To do ▸ Repeat the listing exactly as given, omitting every image.

Supplied material ▸

┏━━

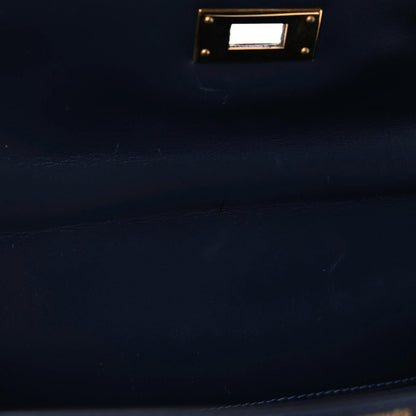 Hermes Box Kelly Retourne 32 Indigo 10 of 21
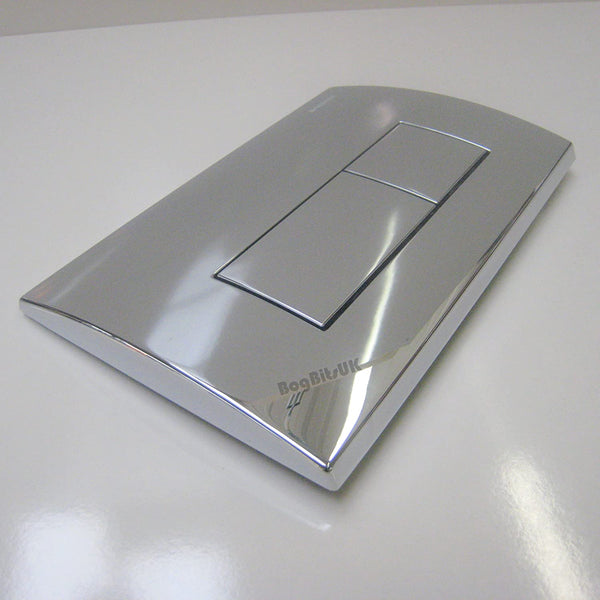 Geberit Kappa50 Dual Flush Push Button Plate 115.260.21.1 Gloss Chrome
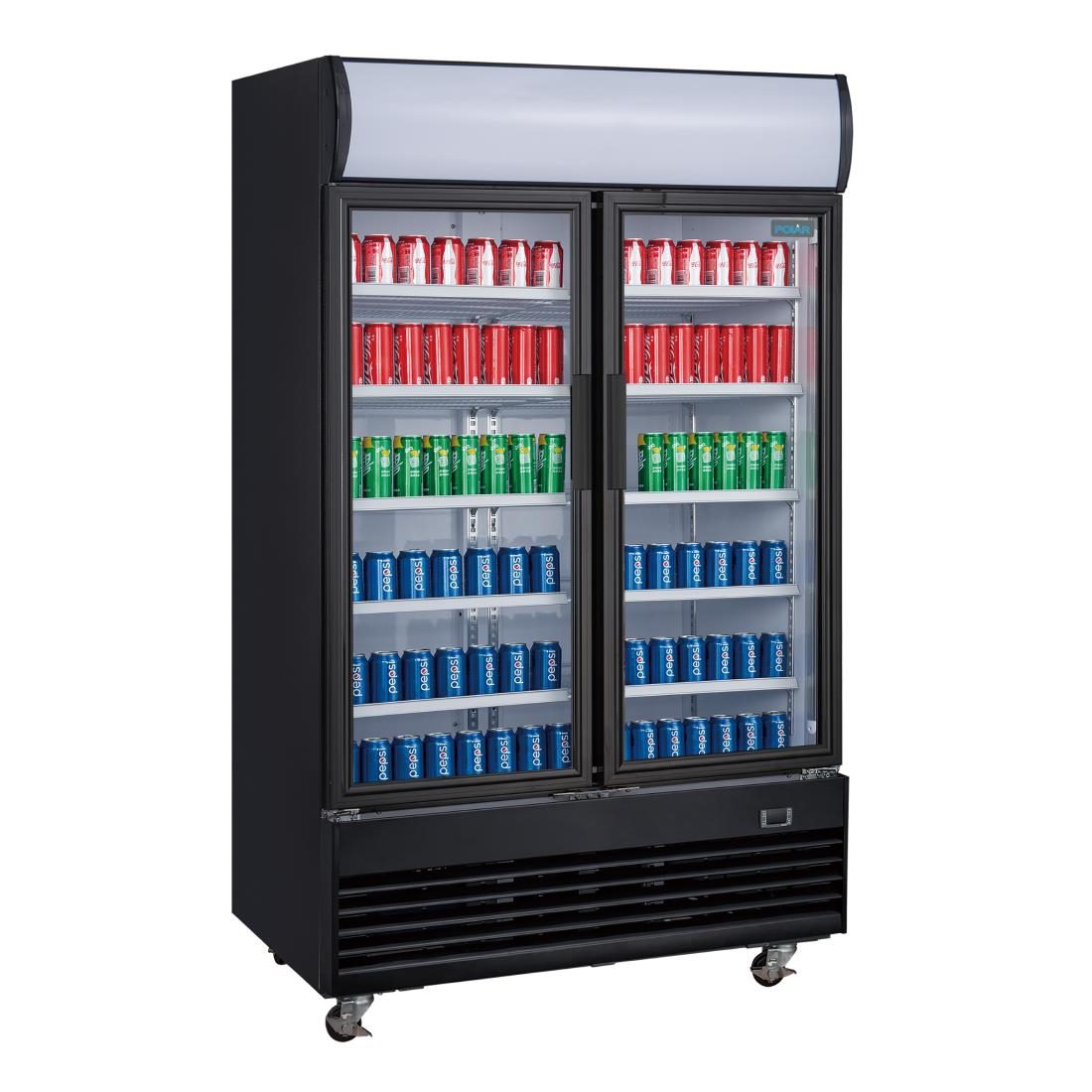G-Series Upright Hinged Door Display Cooler with Light Box 950Ltr Black - Image 5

┗━━

Task result ▸
 Hermes Box Kelly Retourne 32 Indigo 10 of 21
 Geberit Kappa50 Dual Flush Push Button Plate 115.260.21.1 Gloss Chrome
G-Series Upright Hinged Door Display Cooler with Light Box 950Ltr Black - Image 5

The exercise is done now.